• _WHAT YOU NEED TO DO_: Starting at the line that contains "Mango blouse" and ending at the line that contains "Dread Raven", the lines below are to be given again exactly, with nothing added.

━━━━━ RECORDS SHOWN

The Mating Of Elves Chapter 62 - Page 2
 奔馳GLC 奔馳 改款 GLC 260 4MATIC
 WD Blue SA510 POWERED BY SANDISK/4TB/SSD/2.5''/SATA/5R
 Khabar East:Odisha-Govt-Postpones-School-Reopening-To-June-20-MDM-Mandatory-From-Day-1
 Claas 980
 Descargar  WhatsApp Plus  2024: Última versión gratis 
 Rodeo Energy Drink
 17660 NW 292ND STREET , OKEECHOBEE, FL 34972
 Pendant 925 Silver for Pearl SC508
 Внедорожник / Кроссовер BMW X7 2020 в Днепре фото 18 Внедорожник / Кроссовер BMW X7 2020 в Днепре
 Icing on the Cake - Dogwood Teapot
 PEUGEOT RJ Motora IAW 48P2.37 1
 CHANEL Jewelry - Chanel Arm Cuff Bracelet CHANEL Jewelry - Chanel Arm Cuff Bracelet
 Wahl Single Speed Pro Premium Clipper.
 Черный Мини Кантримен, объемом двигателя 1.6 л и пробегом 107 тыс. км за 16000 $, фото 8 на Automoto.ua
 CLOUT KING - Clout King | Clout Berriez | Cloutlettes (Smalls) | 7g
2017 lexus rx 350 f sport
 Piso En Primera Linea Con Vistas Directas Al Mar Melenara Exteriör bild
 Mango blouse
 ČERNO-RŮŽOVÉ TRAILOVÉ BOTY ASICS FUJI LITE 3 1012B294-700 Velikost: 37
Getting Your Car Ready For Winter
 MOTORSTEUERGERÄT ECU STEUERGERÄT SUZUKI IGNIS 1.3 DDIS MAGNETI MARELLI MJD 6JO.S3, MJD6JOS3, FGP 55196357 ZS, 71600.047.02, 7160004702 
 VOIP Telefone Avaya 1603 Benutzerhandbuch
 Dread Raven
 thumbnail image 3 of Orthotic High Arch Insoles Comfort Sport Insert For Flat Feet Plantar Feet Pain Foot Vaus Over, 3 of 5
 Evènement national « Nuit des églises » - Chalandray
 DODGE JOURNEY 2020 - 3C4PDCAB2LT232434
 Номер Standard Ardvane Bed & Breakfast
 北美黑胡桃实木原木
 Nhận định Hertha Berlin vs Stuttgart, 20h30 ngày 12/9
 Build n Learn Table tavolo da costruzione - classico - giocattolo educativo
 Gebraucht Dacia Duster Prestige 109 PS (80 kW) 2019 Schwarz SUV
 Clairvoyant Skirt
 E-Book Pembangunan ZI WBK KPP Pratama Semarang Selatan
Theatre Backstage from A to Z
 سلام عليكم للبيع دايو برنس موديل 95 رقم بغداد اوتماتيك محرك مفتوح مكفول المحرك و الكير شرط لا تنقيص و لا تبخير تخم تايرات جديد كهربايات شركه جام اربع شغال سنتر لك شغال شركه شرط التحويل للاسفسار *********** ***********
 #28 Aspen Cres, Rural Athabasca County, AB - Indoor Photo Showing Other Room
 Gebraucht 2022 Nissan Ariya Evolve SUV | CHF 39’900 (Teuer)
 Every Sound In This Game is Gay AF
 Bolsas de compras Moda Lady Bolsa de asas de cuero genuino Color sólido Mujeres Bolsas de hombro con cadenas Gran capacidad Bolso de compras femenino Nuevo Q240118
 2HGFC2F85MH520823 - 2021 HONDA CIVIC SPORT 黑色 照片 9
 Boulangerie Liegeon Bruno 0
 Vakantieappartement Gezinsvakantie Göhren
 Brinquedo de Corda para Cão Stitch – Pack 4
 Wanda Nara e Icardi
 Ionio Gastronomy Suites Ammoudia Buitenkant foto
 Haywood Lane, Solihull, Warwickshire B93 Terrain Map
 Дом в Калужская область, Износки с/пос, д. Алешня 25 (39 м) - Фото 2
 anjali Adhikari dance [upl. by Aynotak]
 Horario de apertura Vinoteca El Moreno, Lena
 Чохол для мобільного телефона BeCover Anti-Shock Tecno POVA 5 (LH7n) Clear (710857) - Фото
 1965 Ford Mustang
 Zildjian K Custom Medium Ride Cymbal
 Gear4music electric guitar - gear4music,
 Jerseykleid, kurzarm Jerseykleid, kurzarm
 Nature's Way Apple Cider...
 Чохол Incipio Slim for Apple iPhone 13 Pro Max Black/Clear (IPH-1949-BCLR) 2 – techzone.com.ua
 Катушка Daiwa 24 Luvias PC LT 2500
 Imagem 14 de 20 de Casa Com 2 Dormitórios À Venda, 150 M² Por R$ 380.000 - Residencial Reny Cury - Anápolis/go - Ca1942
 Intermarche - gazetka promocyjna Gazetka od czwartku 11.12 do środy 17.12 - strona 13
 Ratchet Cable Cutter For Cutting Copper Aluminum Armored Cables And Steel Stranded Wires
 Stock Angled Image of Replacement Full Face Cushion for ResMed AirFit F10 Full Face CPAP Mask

━━━━━━━━━━

• _WORKED SOLUTION_:
 Mango blouse
 ČERNO-RŮŽOVÉ TRAILOVÉ BOTY ASICS FUJI LITE 3 1012B294-700 Velikost: 37
Getting Your Car Ready For Winter
 MOTORSTEUERGERÄT ECU STEUERGERÄT SUZUKI IGNIS 1.3 DDIS MAGNETI MARELLI MJD 6JO.S3, MJD6JOS3, FGP 55196357 ZS, 71600.047.02, 7160004702 
 VOIP Telefone Avaya 1603 Benutzerhandbuch
 Dread Raven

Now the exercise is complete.